Uit deze brieven blijkt Newtons kennis van de Schrift en de christelijke geloofservaring. Duidelijk komt naar voren dat er voor een christen geen verandering te vergelijken is met de overgang uit de duisternis tot het wonderbare licht van Gods genade. Als deze verandering zich heeft voltrokken, zo schrijft Newton, bestaat het geestelijk leven veel meer uit levendige indrukken van innerlijke blijdschap dan uit een helder en duidelijk besef van Gods werk in Christus. Er pleegt ook nog weinig kennis te zijn van de verdorvenheid van het eigen hart en van de blijvende betekenis van de ontdekkende functie van de wet in het leven van de gelovigen.

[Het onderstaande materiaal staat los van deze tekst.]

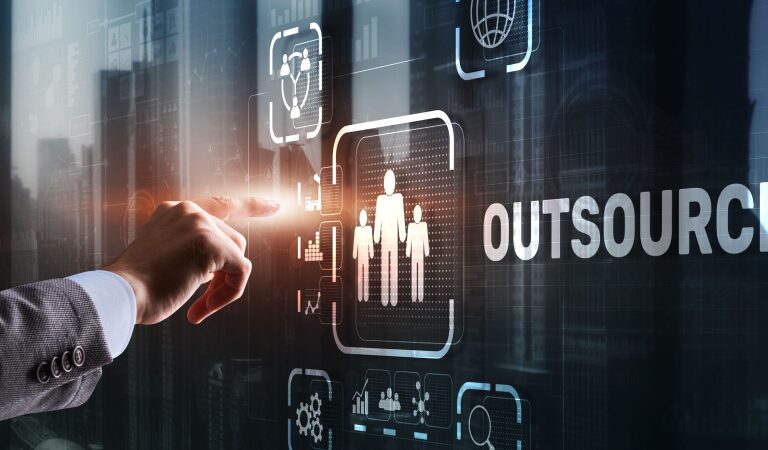 inner-image-What is-Outsourcing-Custom-Software-Development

Newton zelf vertelt in de brieven over zijn bekering dat hij terugziende met de kennis die hij inmiddels had, zich de eerste zes jaar van zijn geestelijke loopbaan nauwelijks een christen kon noemen, zo gering was zijn bevindelijke en leerstellige kennis. Helaas, zo brengt Newton naar voren, gaat toename van leerstellige kennis en van bevinding vaak samen met een afname van vurigheid in het belijden van Christus. Daarom is het nodig om waakzaam te zijn en biddend en gelovig de genademiddelen te gebruiken.

Teksten krijgen
Een thema dat telkens terugkeert in de brieven van Newton is de blijvende zondigheid van een christen hier op aarde. Een verbroken en verslagen hart, een overtuiging van eigen verdorvenheid en nietigheid samen met een hartelijk aannemen van Christus, zoals Hij in het Evangelie geopenbaard is, is het hoogste wat wij in dit leven kunnen bereiken. Gevoelige vertroostingen zijn daaraan ondergeschikt.

In verband hiermee wordt duidelijk waarom Newton voorzichtig was met het krijgen van teksten. Vaak rechtvaardigen wij met een beroep daarop datgene wijzelf willen. Doel van de openbaring is echter allereerst dat wij dicht bij de Heere leven.

In de lijn van Luther betoogt Newton dat het bevindelijk onderscheiden van werkverbond en genadeverbond niet zo eenvoudig is en een levenslange les blijft. Het is, zo schrijft hij, zijn voornaamste genoegen de volkomen Middelaar te verkondigen, maar er is hier een verschil tussen verstand en beleving. Hoewel wij genodigd worden het water van het leven om niet te nemen, zijn we toch vaak mistroostig als wij in onszelf niets vinden om te betalen. Als wij vrijmoedig door Christus tot God naderen, zijn we veelal weer eerder tevreden over ons eigen geestelijke leven dan verwonderd over de grootheid van Gods genade.

Twistgesprekken
Duidelijk is dat voor Newton een christen zijn levenlang een leerling behoort te blijven en in geen enkel opzicht een gearriveerd mens moet zijn. De werkelijkheid van de wedergeboorte doet niets af aan het feit -en nu gebruik ik de woorden van Luther- dat het christen-zijn meer een worden dan een zijn is.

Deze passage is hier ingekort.